People have asked me, "What happened to The Amigo Project?" Well, actually, my dad was the only one that asked. But I'm sure a couple of people were thinking it! I replied to him that I was too busy with school, internship applications, yadda yadda yadda. But a couple of days ago I realized something:
Then I woke up one morning and it dawned on me. Suddenly I knew what gets me out of bed.
I'm stale.
Stale like year-old tortilla chips. I had lost my crunch. My wife is usually there to warn me when this happens.
Mathematics is a beautiful subject, and I can't explain how much it fascinates me. But it's like being in a dusty museum all day with only your thoughts to keep you company. Eventually you will become dusty too. I did.
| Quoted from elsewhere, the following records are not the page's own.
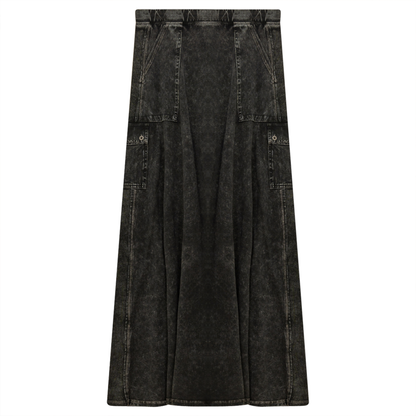 Ladies Tie Dye Wash Rib Long Skirt With Side Pockets Black Wash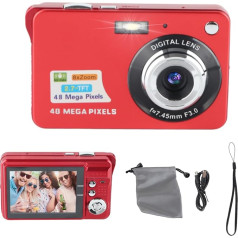 4K Digital Camera, Camera FHD Photo Camera 48MP Vlogging Camera, Anti Shake 8x Zoom Digital Camera with 2.7 Inch LCD Display C3 48 Red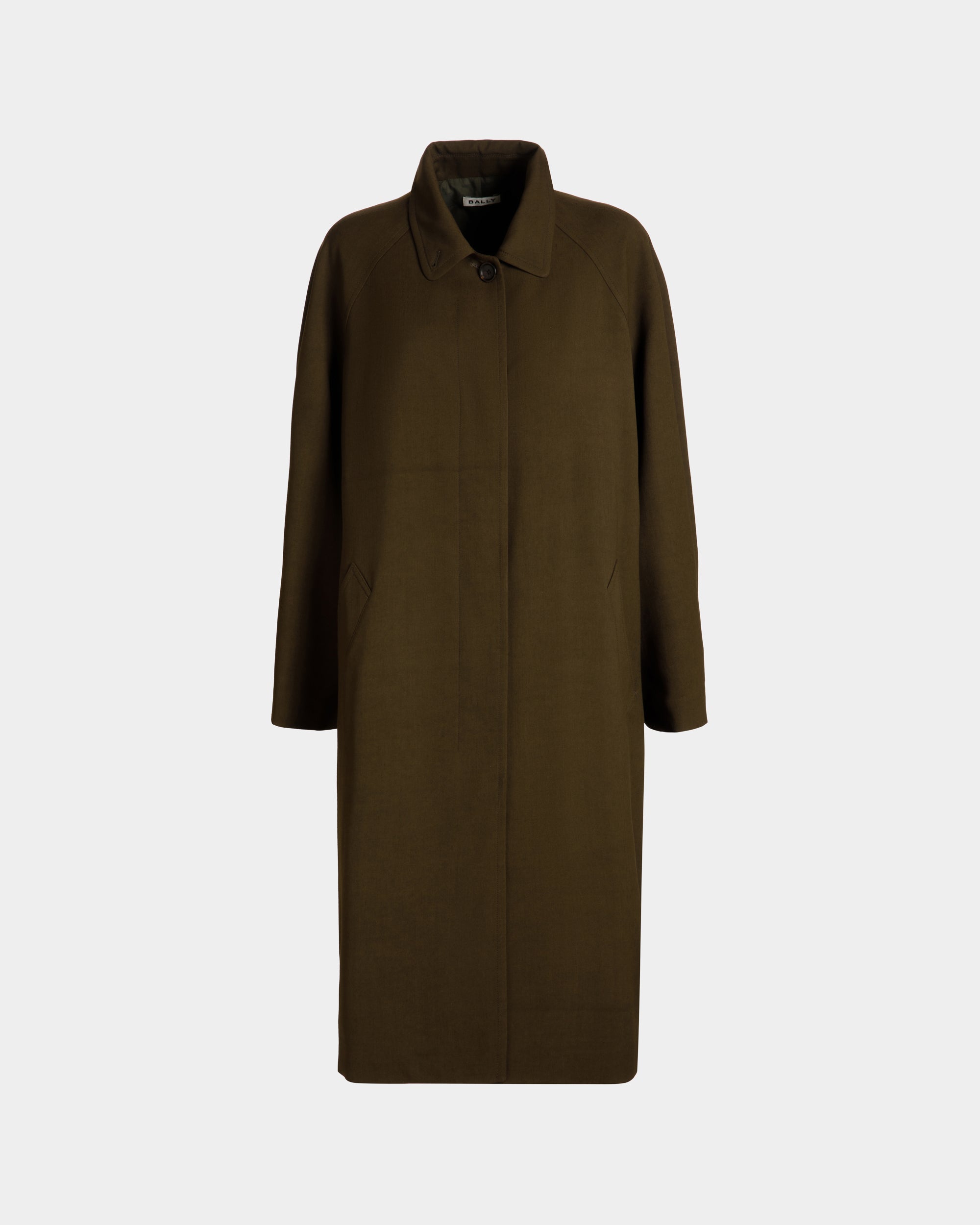 Manteau En Gabardine Fluide Military Green - Femme - Bally - 01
I was reading a beautiful book named "Man's Search For Meaning" by Viktor Frankl last night. The first words of the preface caught me off-guard: " Dr. Frankl, author-psychiatrist, sometimes asks his patients who suffer from a multitude of torments great and small, 'Why do you not commit suicide?' "
He does this to see what really gets his patients through the day. I asked myself a variation of that question last night (I didn't ask about suicide--mathematics is a dusty museum, not a dementor). What do I wake up for in the morning? Is it the study of the financial markets? Is it foundational topology? Game theory? I struggled with this question.
People.
I love people. I love their stories. I love to learn what makes them tick. I love their senses of humor, their passions, their vices. I love hearing it face-to-face.
I love The Amigo Project.
So I'm back. But enough about me. I want to talk about you.